3. If the difference between the groups yields a t-value below 2.101 in favour of the drug, “accept” the null hypothesis and take the drug off the market.

Values for $$\alpha$$ and $$\beta$$ will depend on:

• The severity of side effects.
• The size of the potential cure (life-saving?).
• The cost of the drug.
• And so on.

• yes
• no
• don’t know

# .

No. I didn’t mention any p-values in my very brief discussion of Neyman–Pearson, and they are indeed not used in that way of doing statistics. One either rejects the null hypothesis if t is in the “critical region”, or accepts the null hypothesis if t is smaller. One only reports the “significance level” $$\alpha$$ that is used to demarcate the critical region, and one reports that $$\alpha$$ is 0.05.

# .

### Question: Is this a good procedure for scientific belief finding?

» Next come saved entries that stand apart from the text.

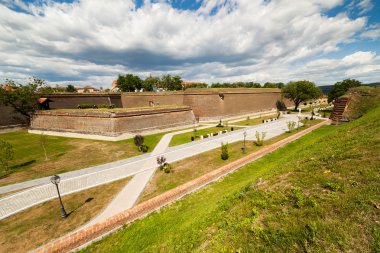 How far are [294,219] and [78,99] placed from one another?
121 ft

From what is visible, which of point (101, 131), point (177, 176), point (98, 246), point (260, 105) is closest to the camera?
point (98, 246)

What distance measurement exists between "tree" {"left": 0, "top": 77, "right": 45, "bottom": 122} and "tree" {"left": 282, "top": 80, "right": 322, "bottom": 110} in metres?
52.4

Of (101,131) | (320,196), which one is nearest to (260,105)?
(101,131)

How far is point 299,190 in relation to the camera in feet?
13.6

• yes, because I need a clear criterion for my beliefs
• no, because the strength of my belief will gradiently depend on the p-value
• don’t know

# .

I already suggested that it’s not. Surely the difference between a p-value of 0.049 and one of 0.051 is not impressive enough for me to wholly believe that the effect is real in the former case and that the effect is zero in the latter case. You can read about this in the free article Erroneous analyses of interactions in neuroscience: a problem of significance by Sander Nieuwenhuis, Birte Forstmann & Eric-Jan Wagenmakers (2011, Nature Neuroscience).

### Fisher quotes

Ronald Fisher also had some things to say about p-values above 0.05, namely that you should ignore them (they are null results, and a null result is the same as no result):

The test of significance […] tells [the researcher] what to ignore, namely all experiments in which significant results are not obtained. (Fisher 1929, p. 191)

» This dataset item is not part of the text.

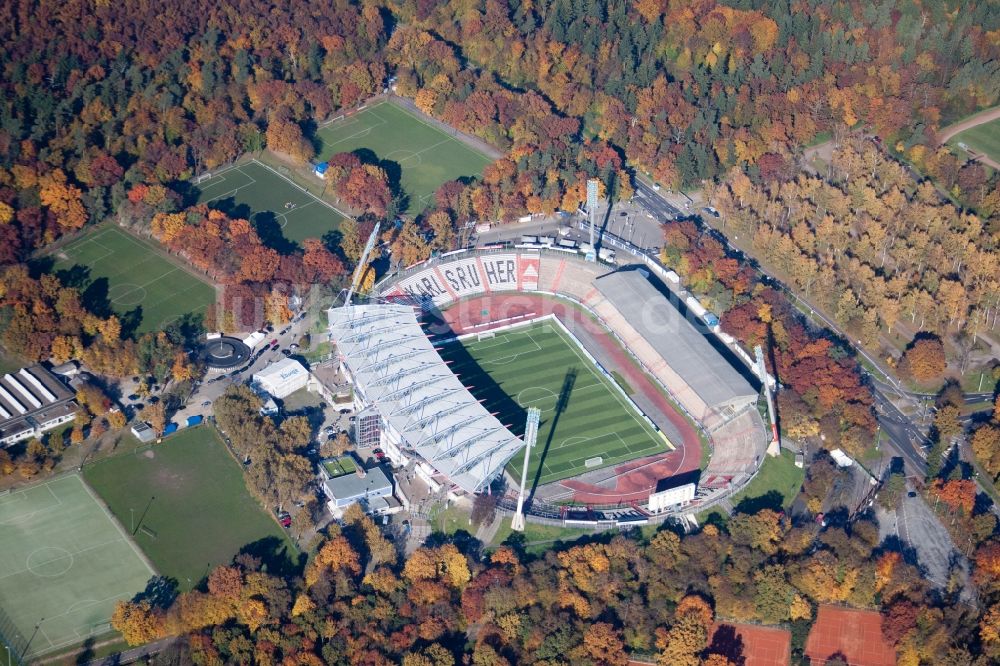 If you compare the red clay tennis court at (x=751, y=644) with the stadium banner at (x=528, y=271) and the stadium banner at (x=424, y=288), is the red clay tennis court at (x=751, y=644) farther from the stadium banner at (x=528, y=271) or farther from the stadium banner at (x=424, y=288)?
the stadium banner at (x=424, y=288)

The null hypothesis is never proved or established, but is possibly disproved, in the course of experimentation. (Fisher 1966, p. 16)

### Can you mix Fisher’s and Neyman–Pearson’s approaches?

Strict statisticians will tell you that you cannot mix the two approaches. Often you see mixes. For instance, in a paper that uses $$\alpha$$ and $$\beta$$ (and therefore did a power analysis), people sometimes report a p-value, especially if it is low. Please don’t. And in papers that generally report p-values, don’t say things like “significant with p < 0.05”, which is $$\alpha$$-terminology, but report the actual p-value that you obtained. Sometimes you see things like “effect A was significant with p < 0.05, and effect B was significant with p < 0.01”, or, equivalently, “effect A was significant at the 0.05 level, and effect B was significant at the 0.01 level.” Both are cases of “moving alpha”, a concept that generative linguists may like (in a very different meaning), but that statisticians of all convictions enthusiastically discourage. Practically, you just always report the p-value and state a conclusion about the population only if this p-value is below 0.05.

### Today’s conclusion

In your research papers you should never compare p-values. If you find that your Spanish listeners improve significantly (p = 0.001), and your Portuguese listeners don’t improve significantly (p = 0.63), you can conclude that Spanish listeners (without “the”, i.e. the population on average) improve, but you cannot conclude that Portuguese listeners don’t improve. And you cannot even conclude that Spanish listeners improve more than Portuguese listeners. This is the single most common mistake in psychological and linguistic research papers (see Nieuwenhuis’ paper for counts, and any linguistic conference proceedings for examples).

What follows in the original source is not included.